- **Dataset section**:

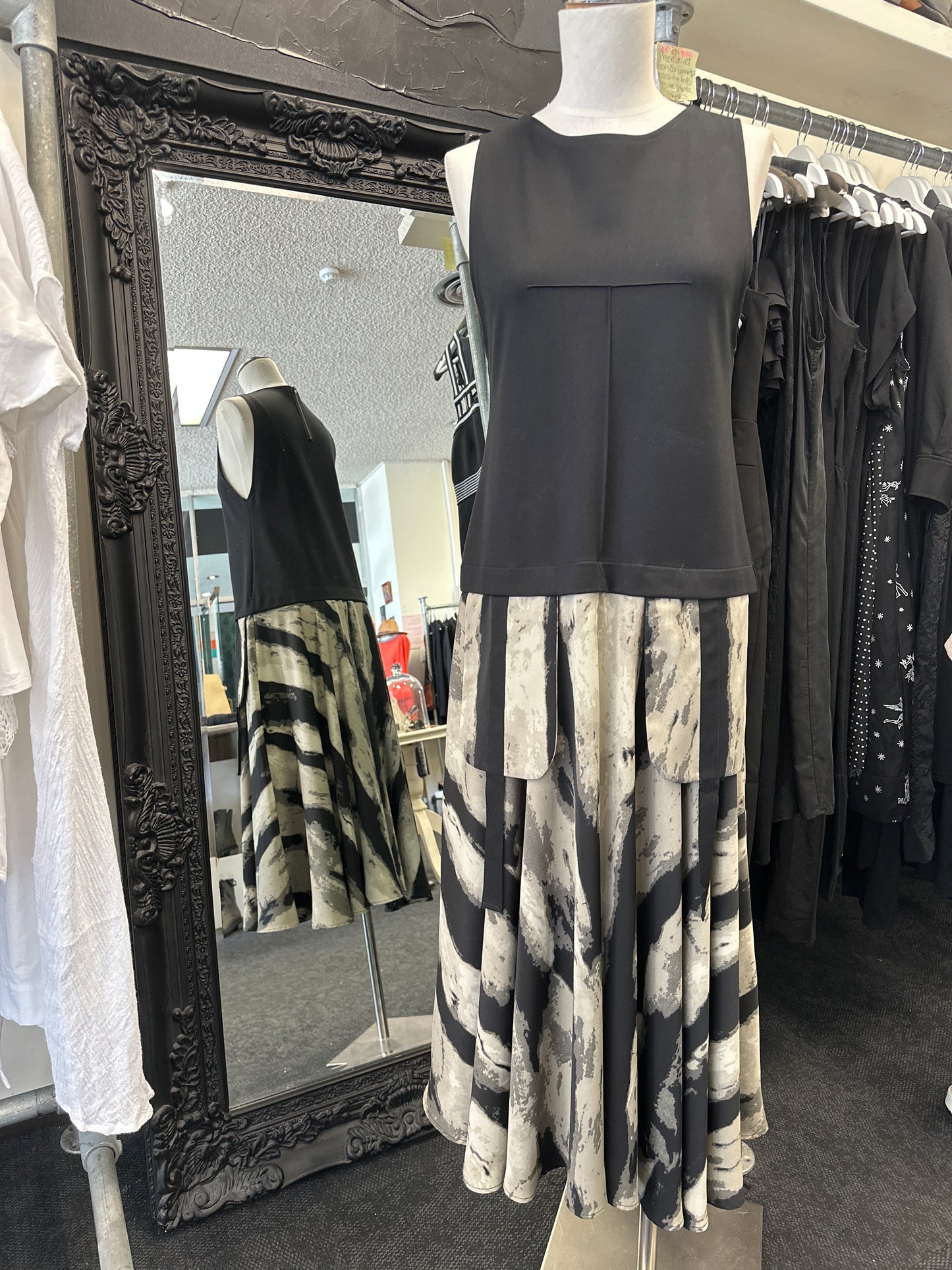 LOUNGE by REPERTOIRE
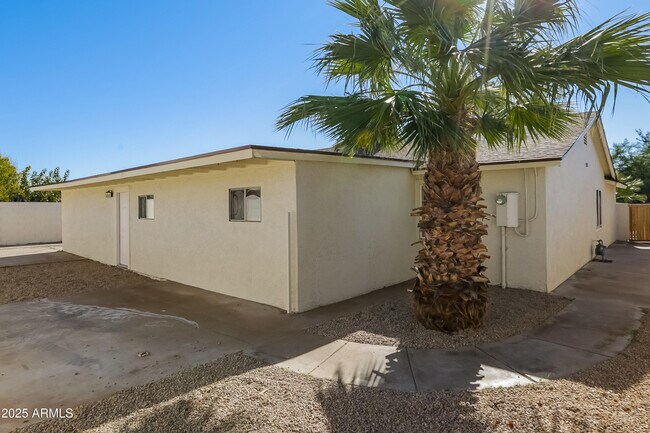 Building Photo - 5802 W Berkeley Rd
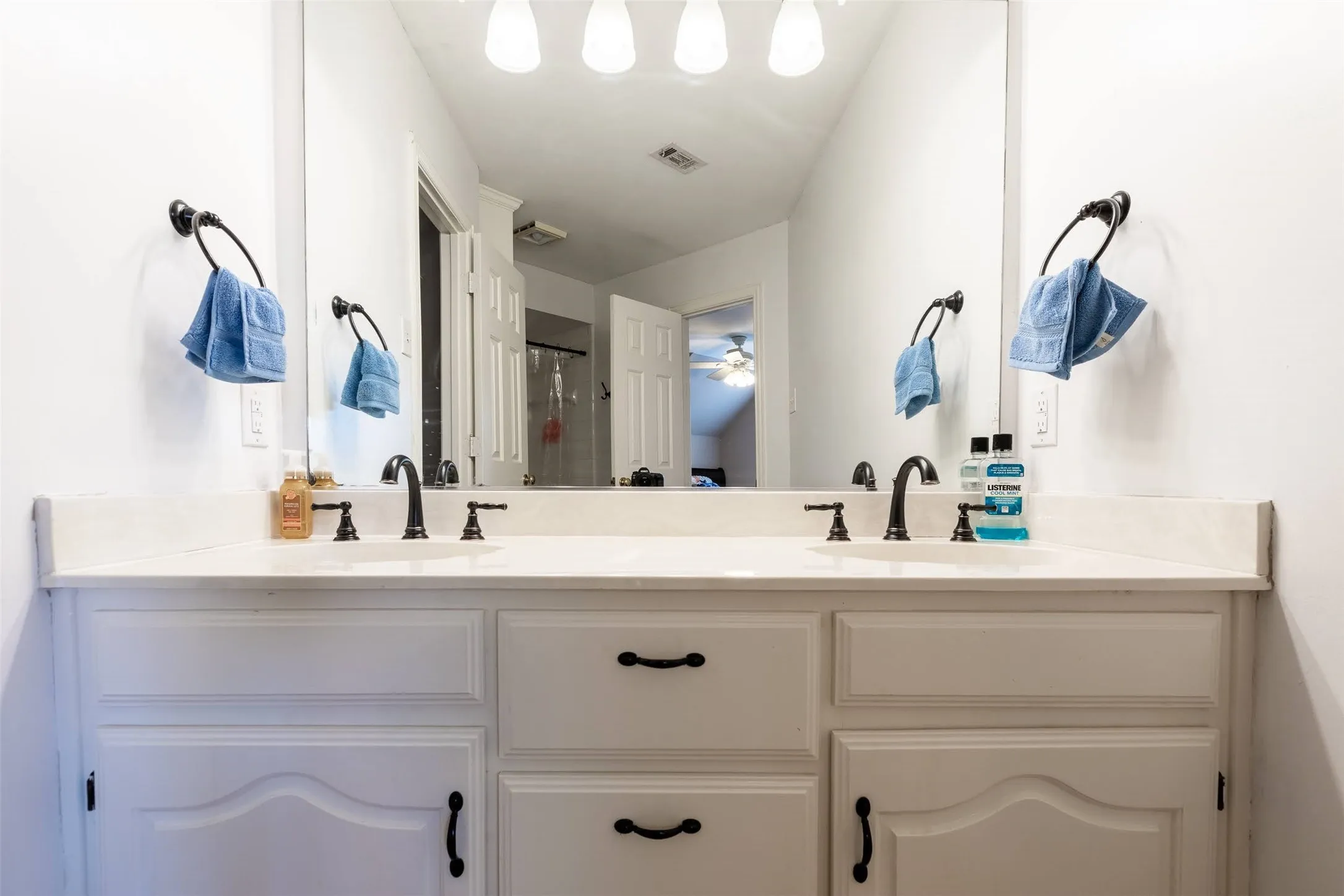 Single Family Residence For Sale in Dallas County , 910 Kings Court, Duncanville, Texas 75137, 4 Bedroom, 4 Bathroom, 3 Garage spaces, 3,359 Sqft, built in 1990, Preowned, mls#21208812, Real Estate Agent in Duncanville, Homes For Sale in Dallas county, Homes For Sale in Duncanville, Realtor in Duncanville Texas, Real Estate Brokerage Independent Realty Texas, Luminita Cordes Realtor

- **Exercise objective**: Write out the data once more exactly, omitting the pictures.

- **Answer to this problem**:
 LOUNGE by REPERTOIRE
 Building Photo - 5802 W Berkeley Rd
 Single Family Residence For Sale in Dallas County , 910 Kings Court, Duncanville, Texas 75137, 4 Bedroom, 4 Bathroom, 3 Garage spaces, 3,359 Sqft, built in 1990, Preowned, mls#21208812, Real Estate Agent in Duncanville, Homes For Sale in Dallas county, Homes For Sale in Duncanville, Realtor in Duncanville Texas, Real Estate Brokerage Independent Realty Texas, Luminita Cordes Realtor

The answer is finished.